On 2018-07-21 23:04, Grant Edwards wrote:

> Manually installing things in /usr/bin or /usr/sbin will often cause
> problems because Portage assumes that it controls those directories.
> 
> So don't do that: you should manually install things in /usr/local.
> 
> Or, install qmail using portage, so that the system knows you have an
> MTA. If you don't like the default qmail ebuild for some reason, you
> can use your own.
> 
> Or, tell Portage you have an MTA by adding an appropriate line to
> /etc/portage/profie/package.provided.  See portage(5).
> 
> Or, don't use Gentoo if you don't want to do things the way Gentoo
> does things.

I agree than one should not normally install hand-compiled programs in
the normal directories controlled by portage.  I can see how the case of
MTA can tempt someone into violating that rule, though:  unlike most of
all other cases where a program is called by other programs, the path to
/usr/sbin/sendmail is usually hardcoded, and there is no well known
environment variable either (like EDITOR or PAGER). mutt has a runtime
configuration option for the MTA but that's unusual.

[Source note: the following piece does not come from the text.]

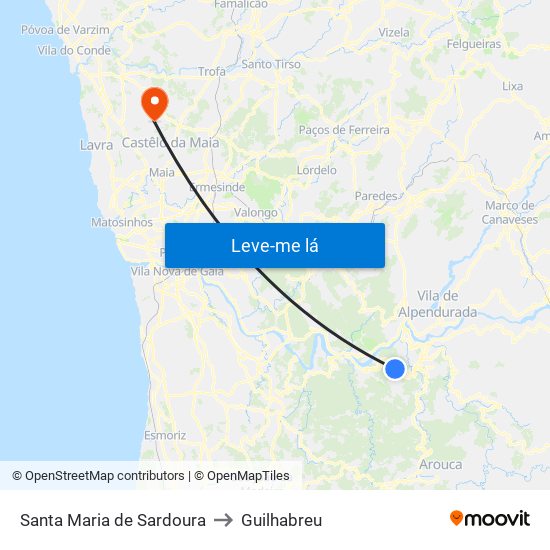 Santa Maria de Sardoura to Guilhabreu map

In fact, I myself am guilty of the corresponding sin on my Debian
server: I want to run the latest version of my pet MTA, exim, and with
the features I choose, so hand compiling is the only way.  And this week
it backfired on me too:  I carelessly installed some package that
depended on a MTA - and boom, /usr/sbin/sendmail, which had been a
symlink to /opt/exim/bin/exim, was overwritten by something like
nullmailer.

The /usr/sbin/sendmail convention is one of the parts of Unix that,
honestly, sucks.  With repeated and prolonged exposure one can get
irritated enough to turn Poettering :-P

On Gentoo the best way is to make your own package from your favorite
MTA _and_ your own virtual/mta, and make both available in a local repo.
Recently I discovered dma[1] which IMHO is the _best_ lightweight MTA
for client machines, so now I have a Gentoo package for it.